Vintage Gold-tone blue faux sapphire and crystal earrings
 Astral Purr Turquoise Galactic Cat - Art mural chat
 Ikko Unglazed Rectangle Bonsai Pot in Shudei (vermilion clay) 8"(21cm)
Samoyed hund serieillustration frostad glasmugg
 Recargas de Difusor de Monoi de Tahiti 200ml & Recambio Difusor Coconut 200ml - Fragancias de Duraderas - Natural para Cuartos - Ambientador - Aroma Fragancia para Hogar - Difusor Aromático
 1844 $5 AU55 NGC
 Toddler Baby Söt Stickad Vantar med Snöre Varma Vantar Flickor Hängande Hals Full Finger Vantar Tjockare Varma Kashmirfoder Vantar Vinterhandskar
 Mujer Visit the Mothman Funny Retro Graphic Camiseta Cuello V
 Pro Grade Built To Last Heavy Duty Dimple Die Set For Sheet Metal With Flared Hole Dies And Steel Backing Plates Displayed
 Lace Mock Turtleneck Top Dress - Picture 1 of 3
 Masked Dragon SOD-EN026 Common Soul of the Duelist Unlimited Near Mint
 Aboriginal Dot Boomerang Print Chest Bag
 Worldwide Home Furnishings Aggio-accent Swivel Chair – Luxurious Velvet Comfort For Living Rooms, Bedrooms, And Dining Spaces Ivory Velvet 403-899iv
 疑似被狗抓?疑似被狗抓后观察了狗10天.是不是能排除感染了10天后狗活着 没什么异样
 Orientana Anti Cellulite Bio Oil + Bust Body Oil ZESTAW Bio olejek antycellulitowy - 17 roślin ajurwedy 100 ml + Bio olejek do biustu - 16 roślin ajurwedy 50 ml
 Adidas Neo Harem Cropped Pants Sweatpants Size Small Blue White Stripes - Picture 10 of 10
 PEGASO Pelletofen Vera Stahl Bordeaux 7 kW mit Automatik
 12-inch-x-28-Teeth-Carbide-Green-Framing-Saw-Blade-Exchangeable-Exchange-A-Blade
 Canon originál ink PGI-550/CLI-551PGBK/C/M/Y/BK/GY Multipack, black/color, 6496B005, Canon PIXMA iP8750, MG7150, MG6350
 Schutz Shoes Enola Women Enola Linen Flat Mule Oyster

=-=-=

__ASSIGNMENT__. Set down, from the entries above, exactly the lines from the one with "Recargas de Difusor" up to and including the one with "1844 $5 AU55 NGC", and no other lines.

__RESPONSE TO THE TASK__.
 Recargas de Difusor de Monoi de Tahiti 200ml & Recambio Difusor Coconut 200ml - Fragancias de Duraderas - Natural para Cuartos - Ambientador - Aroma Fragancia para Hogar - Difusor Aromático
 1844 $5 AU55 NGC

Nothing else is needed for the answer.